In Harris's scenario, vinyl is at least still being associated with a particular strand of music. Elsewhere, there is evidence that the format has taken on a life of its own. Spencer Hickman, the organizer of the UK event, shares some of the concerns of independent record labels and distributors. He also raises some new ones. Not only is Record Store Day failing to support independent record labels, but the vinyl releases are failing to support independent record stores. He has stated, ‘this year feels like the first time it’s been entirely driven by capitalism. It now feels like it’s not celebrating the culture of the record store and why they’re so good; it’s about the releases’. In this vision it is as though the records have taken over the shops and are disrupting their normal practice. It’s not Hickman’s fault that the stores aren’t full of appropriate music, just look at what the vinyl has done?
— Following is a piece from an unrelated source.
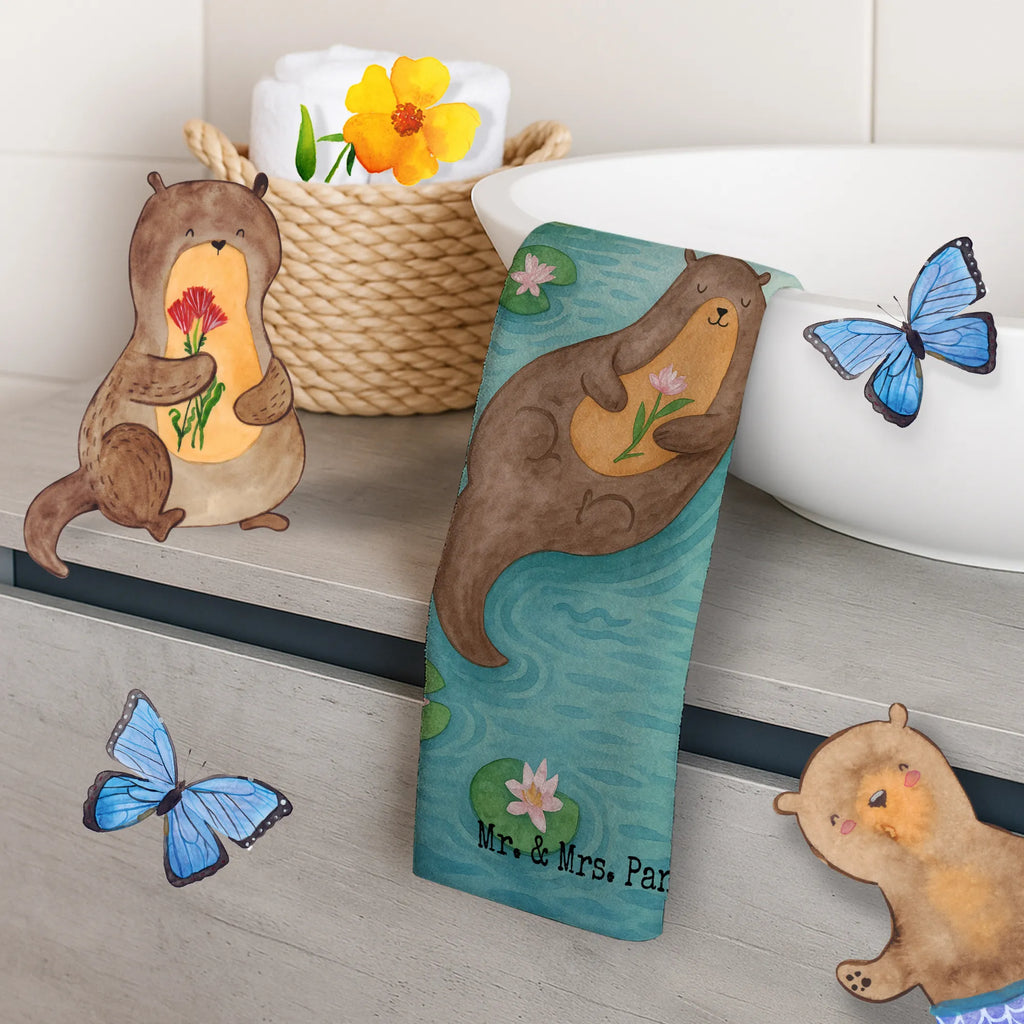 Personalisiertes Gästehandtuch Otter Seerose Design Gästehandtuch Beige Mit Gravur, Gästehandtuch Schwarz Mit Namen, Gästehandtuch Saugfähig Mit Wunschtext, Gästehandtuch Bunt Personalisiert, Gästehandtuch Weiß Mit Namen, Gästehandtuch Baumwolle Mit Namen, Gästehandtuch Bio Baumwolle Mit Text, Gästehandtuch Ökologisch Mit Namen, Kleines Handtuch Personalisiert, Gästehandtuch Set Personalisiert, Gästehandtuch Mit Bordüre Und Wunschtext, Gästehandtuch Strapazierfähig Mit Text, Waschhandtuch Mit Wunschtext, Gästehandtücher Mit Wunschtext, Gästehandtuch Mit Namen, Gästehandtuch Waschbar Mit Name, Gäste-Tuch Mit Wunschtext, Handtuch Für Gäste Mit Name, Gästehandtuch Klassisch Mit Wunschtext, Gästehandtuch Nachhaltig Personalisiert, Gästehandtuch Grau Mit Wunschtext, Gästehandtuch Weich Mit Namen, Gästehandtuch Bad Mit Wunschtext, Gästehandtuch Mit Muster Und Name, Gästehandtuch Modern Mit Namen, Handtuch Für Toilette Personalisiert, Gästehandtuch Schnell Trocknend Mit Wunschtext, Personalisiertes Gästehandtuch, Gästehandtuch Pflegeleicht Mit Gravur, Gästehandtuch Hochwertig Personalisiert, Gästehandtuch Für Hotels Mit Gravur, Handtuch Für Gäste-WC Mit Name, Gästehandtuch Badezimmer Personalisiert, Handtuch Gästezimmer Mit Namen, Handtuch Klein Mit Namen, Gästehandtuch 30x50 Mit Name, Handtuch Gästeformat Mit Gravur, Otter, Fischotter, Seeotter, Otter Seeotter See Otter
This year’s Record Store Day included releases from One Direction and Herbert von Karajan, so any argument that it could be associated with a single genre – even one as broad as rock music – is moot. The question that then presents itself is whether the day could be associated with any music at all.  Perhaps the biggest fear for anyone with a longstanding interest in vinyl is that the format has slipped from being one that was the leading sound carrier in a golden age of popular music, to one that was fetishised because it was the leading sound carrier in a golden age of popular music, to one that is fetishised because it is old. Were the patrons of Record Store Day there because they like music, or were they instead celebrating the collection of outdated objects? Was their ‘culture of the record store’ just one of nostalgia for the days when people used to go to shops? In her excellent book Clampdown Rhian E Jones has added her voice to those who are worried about the retromania of our times. She states that ‘popular culture seems currently consumed by pastiche, recycling, solipsistic navel-gazing and pantomimes of authenticity, preoccupied with kitsch fripperies and politically disengaged, with previous traditions of protest and consciousness weakened, compromised, commodified, confused or forgotten’. One of her most dreaded objects is the cup cake. If any vinyl lovers are worried that their format is being constructed as a similar ‘kitsch frippery’ then they had better start articulating and they had better start agitating.